The Keg Royalties Income Fund closes plan of arrangement with an affiliate of Fairfax Financial
Torys acted as counsel to Fairfax Financial with a team that included Janan Paskaran, Jon McDonald and Logan Orr (corporate/M&A), Omar Wakil and Rebecca Wagner (competition), John Tobin and Benjamin Mann (tax).
On August 13, 2025, The Keg Royalties Income Fund (“Keg Royalties”) and 1543965 B.C. Ltd. (the “Purchaser”), an affiliate of Fairfax Financial Holdings Limited (collectively with its affiliates, “Fairfax”) announced the closing of the previously announced plan of arrangement pursuant to a non-binding letter of intent dated on May 5, 2025.
Under the arrangement agreement, dated June 17, 2025, the Purchaser acquired all of the issued and outstanding units of Keg Royalties, other than those already owned by Fairfax (which currently owns approximately 33.92% of the units of Keg Royalties on a fully-diluted basis), for a price of C$18.60 per unit, payable in cash.
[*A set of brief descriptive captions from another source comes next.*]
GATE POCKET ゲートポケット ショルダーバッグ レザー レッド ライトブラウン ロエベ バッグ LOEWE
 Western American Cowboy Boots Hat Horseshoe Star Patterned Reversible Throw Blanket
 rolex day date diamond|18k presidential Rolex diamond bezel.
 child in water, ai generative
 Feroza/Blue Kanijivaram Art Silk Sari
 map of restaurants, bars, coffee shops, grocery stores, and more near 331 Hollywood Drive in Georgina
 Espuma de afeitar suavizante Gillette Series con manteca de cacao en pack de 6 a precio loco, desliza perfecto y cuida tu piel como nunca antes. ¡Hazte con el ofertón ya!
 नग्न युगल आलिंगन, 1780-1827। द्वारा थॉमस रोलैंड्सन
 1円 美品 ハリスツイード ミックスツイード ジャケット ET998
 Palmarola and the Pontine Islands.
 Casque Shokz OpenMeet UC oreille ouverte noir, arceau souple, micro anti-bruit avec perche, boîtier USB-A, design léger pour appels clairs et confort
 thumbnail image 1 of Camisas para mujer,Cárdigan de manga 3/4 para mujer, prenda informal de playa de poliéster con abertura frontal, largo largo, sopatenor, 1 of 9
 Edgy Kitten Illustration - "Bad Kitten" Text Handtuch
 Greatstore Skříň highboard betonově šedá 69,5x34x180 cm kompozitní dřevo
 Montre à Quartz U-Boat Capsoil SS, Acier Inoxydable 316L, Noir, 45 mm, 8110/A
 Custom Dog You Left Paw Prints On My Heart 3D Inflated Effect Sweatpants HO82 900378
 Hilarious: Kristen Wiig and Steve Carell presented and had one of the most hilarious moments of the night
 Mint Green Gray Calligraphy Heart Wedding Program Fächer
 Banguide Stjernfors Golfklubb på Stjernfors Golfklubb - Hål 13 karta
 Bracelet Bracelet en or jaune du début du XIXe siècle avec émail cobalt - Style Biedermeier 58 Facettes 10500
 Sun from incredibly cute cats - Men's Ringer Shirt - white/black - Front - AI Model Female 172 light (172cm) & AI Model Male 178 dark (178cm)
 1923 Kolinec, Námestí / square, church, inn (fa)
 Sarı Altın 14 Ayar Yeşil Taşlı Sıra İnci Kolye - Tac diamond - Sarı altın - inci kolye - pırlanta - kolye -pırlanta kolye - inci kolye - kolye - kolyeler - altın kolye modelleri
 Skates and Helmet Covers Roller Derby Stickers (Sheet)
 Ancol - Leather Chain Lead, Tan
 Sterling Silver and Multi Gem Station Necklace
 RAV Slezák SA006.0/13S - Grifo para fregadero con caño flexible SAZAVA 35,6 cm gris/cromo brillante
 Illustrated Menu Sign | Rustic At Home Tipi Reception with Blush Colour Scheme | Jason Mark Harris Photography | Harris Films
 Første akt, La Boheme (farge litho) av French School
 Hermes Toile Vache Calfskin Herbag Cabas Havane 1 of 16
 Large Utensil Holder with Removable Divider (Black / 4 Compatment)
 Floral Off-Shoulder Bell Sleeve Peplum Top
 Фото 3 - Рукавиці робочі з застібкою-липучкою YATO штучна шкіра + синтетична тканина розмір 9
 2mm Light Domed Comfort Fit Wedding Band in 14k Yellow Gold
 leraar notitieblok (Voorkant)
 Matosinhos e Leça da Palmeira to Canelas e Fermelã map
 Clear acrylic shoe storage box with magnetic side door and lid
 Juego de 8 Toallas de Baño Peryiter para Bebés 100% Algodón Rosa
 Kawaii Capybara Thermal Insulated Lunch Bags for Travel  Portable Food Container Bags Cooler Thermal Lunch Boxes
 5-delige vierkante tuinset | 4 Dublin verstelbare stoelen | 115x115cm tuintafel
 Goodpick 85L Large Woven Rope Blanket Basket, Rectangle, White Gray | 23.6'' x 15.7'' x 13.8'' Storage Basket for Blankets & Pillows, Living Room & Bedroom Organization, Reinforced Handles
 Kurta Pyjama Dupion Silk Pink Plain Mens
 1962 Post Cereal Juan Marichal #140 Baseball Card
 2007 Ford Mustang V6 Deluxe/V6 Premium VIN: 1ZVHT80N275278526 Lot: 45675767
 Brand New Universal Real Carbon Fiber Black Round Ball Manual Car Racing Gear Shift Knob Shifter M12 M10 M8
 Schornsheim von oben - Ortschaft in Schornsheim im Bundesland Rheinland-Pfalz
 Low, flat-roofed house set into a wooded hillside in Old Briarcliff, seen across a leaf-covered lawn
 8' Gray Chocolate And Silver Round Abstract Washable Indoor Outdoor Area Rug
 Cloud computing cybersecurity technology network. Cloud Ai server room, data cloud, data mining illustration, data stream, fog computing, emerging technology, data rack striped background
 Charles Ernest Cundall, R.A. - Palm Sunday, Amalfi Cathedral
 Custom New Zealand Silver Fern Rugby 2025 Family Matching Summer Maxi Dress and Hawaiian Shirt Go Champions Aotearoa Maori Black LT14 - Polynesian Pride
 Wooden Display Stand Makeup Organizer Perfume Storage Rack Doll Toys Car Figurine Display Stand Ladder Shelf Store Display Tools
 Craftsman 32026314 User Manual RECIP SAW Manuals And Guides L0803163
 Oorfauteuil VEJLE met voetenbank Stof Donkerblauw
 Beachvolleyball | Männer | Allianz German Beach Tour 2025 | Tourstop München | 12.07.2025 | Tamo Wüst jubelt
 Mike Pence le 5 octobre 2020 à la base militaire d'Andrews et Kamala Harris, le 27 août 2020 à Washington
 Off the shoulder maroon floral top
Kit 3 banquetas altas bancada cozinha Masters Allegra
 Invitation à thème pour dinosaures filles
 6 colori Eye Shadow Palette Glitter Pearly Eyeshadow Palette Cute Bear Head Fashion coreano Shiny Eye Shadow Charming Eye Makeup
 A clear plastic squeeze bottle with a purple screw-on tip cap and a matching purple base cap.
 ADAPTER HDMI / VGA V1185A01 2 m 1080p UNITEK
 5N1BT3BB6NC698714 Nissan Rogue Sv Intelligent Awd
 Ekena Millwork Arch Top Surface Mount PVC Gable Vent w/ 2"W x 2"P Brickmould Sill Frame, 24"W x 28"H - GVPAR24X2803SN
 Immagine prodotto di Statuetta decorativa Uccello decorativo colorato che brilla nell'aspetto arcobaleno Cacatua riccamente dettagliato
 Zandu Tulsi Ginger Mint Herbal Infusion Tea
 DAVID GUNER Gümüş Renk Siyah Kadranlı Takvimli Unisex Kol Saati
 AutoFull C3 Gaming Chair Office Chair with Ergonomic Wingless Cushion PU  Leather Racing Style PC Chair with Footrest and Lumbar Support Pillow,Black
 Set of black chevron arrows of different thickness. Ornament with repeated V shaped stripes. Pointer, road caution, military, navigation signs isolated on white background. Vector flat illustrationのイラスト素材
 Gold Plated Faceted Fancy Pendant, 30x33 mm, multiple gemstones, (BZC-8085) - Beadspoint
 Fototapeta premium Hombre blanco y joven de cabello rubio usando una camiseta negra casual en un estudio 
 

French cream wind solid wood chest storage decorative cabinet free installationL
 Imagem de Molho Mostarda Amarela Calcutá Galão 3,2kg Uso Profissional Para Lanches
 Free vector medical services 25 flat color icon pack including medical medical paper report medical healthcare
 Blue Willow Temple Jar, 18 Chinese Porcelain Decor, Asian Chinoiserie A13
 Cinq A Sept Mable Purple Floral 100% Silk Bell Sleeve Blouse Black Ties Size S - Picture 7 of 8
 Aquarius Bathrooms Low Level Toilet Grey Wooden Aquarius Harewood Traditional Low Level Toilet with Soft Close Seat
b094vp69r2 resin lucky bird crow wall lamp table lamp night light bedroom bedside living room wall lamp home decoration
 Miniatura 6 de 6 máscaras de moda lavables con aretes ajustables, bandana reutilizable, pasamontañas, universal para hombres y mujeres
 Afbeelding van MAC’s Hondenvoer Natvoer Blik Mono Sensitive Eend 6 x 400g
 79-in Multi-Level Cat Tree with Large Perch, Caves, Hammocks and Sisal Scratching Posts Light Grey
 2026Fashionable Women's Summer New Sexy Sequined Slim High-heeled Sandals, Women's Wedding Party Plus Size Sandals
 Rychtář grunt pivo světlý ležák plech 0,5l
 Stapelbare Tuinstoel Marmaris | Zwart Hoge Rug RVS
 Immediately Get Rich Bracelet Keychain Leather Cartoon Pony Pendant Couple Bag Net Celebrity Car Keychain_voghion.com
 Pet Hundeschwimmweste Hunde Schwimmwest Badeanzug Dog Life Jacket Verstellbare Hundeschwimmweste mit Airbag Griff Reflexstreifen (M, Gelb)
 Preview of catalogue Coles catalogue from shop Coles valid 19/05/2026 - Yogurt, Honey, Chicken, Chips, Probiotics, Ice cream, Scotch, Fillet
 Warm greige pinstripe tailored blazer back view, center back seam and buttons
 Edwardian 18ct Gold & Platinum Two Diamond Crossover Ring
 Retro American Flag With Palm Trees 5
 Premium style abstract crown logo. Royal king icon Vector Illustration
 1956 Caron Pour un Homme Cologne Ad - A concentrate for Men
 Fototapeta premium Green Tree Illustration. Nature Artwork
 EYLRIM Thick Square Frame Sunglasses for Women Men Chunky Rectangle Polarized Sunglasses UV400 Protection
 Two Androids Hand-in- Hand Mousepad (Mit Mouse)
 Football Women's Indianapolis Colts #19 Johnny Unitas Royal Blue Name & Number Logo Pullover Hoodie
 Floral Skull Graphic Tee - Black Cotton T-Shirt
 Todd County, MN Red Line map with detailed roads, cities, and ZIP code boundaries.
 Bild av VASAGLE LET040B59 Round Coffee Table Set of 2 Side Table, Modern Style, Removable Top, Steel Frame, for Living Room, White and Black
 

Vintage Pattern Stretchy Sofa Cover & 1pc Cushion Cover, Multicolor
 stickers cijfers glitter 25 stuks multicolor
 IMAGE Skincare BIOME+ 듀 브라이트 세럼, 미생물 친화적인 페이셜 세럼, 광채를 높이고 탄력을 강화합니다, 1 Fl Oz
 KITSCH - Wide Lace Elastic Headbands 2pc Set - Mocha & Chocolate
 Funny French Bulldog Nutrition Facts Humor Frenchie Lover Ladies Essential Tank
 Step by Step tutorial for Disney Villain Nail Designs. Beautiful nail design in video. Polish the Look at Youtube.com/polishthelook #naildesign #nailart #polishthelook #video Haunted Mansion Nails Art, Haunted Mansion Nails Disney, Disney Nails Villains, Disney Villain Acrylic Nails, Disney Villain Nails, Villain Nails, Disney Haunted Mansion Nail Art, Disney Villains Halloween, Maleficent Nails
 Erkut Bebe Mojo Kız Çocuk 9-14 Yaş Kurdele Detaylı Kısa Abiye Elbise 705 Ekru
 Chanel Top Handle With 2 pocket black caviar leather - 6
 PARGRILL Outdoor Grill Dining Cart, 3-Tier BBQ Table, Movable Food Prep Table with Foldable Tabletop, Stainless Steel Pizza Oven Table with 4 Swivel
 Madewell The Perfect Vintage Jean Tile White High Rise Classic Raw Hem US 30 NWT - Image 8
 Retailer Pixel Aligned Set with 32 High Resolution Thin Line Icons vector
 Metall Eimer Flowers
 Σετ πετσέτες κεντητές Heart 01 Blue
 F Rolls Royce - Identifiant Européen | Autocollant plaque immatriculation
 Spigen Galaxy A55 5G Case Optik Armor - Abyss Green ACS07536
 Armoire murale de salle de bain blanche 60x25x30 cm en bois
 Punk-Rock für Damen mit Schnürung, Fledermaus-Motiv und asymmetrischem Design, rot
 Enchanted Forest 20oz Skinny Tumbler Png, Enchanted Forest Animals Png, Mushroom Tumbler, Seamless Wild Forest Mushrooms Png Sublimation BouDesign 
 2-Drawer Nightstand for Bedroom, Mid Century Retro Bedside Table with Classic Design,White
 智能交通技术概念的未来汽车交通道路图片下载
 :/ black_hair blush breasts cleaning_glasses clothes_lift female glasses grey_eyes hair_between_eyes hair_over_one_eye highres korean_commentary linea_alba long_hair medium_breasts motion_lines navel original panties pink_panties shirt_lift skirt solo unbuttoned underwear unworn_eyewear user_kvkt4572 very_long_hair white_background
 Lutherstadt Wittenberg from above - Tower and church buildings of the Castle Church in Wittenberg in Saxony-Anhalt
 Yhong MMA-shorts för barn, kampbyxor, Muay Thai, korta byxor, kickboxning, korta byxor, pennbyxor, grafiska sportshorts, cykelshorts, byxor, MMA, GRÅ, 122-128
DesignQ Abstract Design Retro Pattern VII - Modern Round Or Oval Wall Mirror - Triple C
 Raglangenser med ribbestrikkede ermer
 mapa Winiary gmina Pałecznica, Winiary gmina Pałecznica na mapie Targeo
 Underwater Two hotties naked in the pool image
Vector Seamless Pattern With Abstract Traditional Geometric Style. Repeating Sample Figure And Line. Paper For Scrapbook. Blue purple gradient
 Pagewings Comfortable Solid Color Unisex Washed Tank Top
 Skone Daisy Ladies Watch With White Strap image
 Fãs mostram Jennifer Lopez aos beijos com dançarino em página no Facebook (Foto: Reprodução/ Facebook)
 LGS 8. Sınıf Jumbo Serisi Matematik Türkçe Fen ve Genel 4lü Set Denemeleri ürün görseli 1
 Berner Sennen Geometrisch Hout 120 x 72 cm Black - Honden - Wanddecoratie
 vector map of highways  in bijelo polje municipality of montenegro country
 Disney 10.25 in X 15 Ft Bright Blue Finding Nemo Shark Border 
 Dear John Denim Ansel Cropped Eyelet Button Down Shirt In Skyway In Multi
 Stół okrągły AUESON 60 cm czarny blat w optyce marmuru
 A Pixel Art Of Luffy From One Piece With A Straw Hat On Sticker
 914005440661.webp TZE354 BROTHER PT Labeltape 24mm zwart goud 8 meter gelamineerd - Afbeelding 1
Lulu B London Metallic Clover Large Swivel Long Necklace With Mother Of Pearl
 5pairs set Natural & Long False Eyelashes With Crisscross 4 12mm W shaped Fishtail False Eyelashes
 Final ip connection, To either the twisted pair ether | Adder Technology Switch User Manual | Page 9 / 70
The transaction was implemented by way of a statutory plan of arrangement under the Business Corporations Act (British Columbia) was the product of extensive, arm’s length negotiations between the board of trustees of Keg Royalties (the “Trustees”) and representatives of Fairfax.
With the closing of the transaction, the Purchaser is now the sole trustee of Keg Royalties and the units were delisted from the Toronto Stock Exchange as of the close of trading on August 12, 2025.
Further information can be found on GlobeNewswire’s website.
Keg Royalties is a limited purpose, open-ended trust established under the laws of the Province of Ontario that, through The Keg Rights Limited Partnership, a subsidiary of Keg Royalties, owns certain trademarks and other related intellectual property used by Keg Restaurants Ltd.
Fairfax Financial is a holding company which, through its subsidiaries, is primarily engaged in property and casualty insurance and reinsurance and the associated investment management.